Indeed, the torrid affair between Curie and mathematician Paul Langevin (Dan Donohue), along with the hostile machinations of Langevin's wife, Jeanne (the deviously good Sarah Zimmerman) to ruin Curie's life, fills most of act two. It's a reminder that no one is immune to making unwise decisions, whether world famous scientist, movie star or President of the United States.
It's even more fascinating how the prejudice of the men in charge and the jealousy of the women behind the men could have wiped the courageous name Marie Curie easily off the history books. And, that's her greatest fear: that a Polish immigrant at the turn of the 20th century, is not able to have her words heard. In the posturing of Gunn, her resolve, her broken but penetrable English, she demands to be heard.

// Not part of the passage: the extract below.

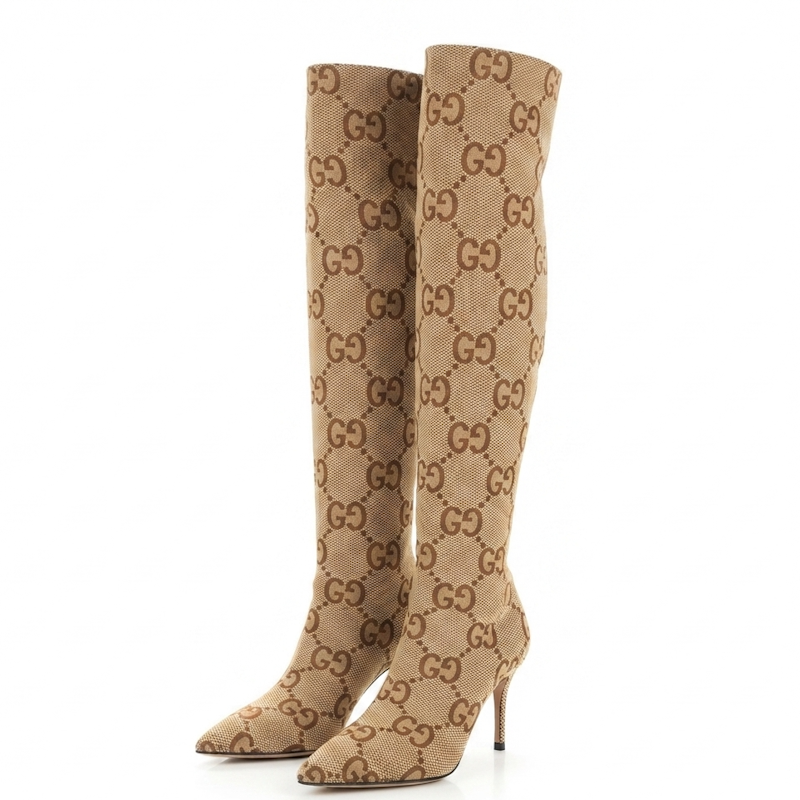 A pair of Gucci knee-high boots in the signature GG monogram canvas, featuring a beige and brown pattern with a pointed toe and slim high heel, set against a plain white background.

There is alo a delightfully droll performance by Hugo Armstrong as her mentor and friend, a compassionate but absent-minded professor. As his endearing wife, Natacha Roi is also a treat. John De Lancie, as Pierre Curie, has little time to bond with the audience and attempts no semblance of an accent, but his asides to Gunn are tender and clearly represent a loving husband. As two weasels in Curie's life, both a "mentor" and a mud-slinging journalist, Leonard Kelly-Young is appropriately slimy in the two roles.
The one curious performance belongs to Donohue. He comes off so impetuous and weak-willed, it's difficult to believe Curie's adoration for him. In act one, he's a horny puppy, practically humping her leg, and in act two, he's spineless and self-involved. It could be that Alda and director Sullivan want the audience to not side with Langevin, to question Curie's passion for him -- and if so, mission accomplished. It doesn't make for a likeable male protagonist, but it definitely makes for a complex female lead.
The functional sets (which change shape to allude to doors and windows) are given an impressionistic look by John Boesche's projections. Using grays and blacks that evoke charcoal etchings, they're provocative, particularly the rain-soaked streets of Paris and the murky shed where the Curies produce their work.
Costume designer Rita Ryack conveys the drab black dress armor that Madame Curie hides behind, while juxtaposing it with the lightly colored society lady wares of the two wives. The one time that Ryack puts Curie in a white frilly dress it's as appropriately shocking as the red dress worn by Bette Davis' Jezebel.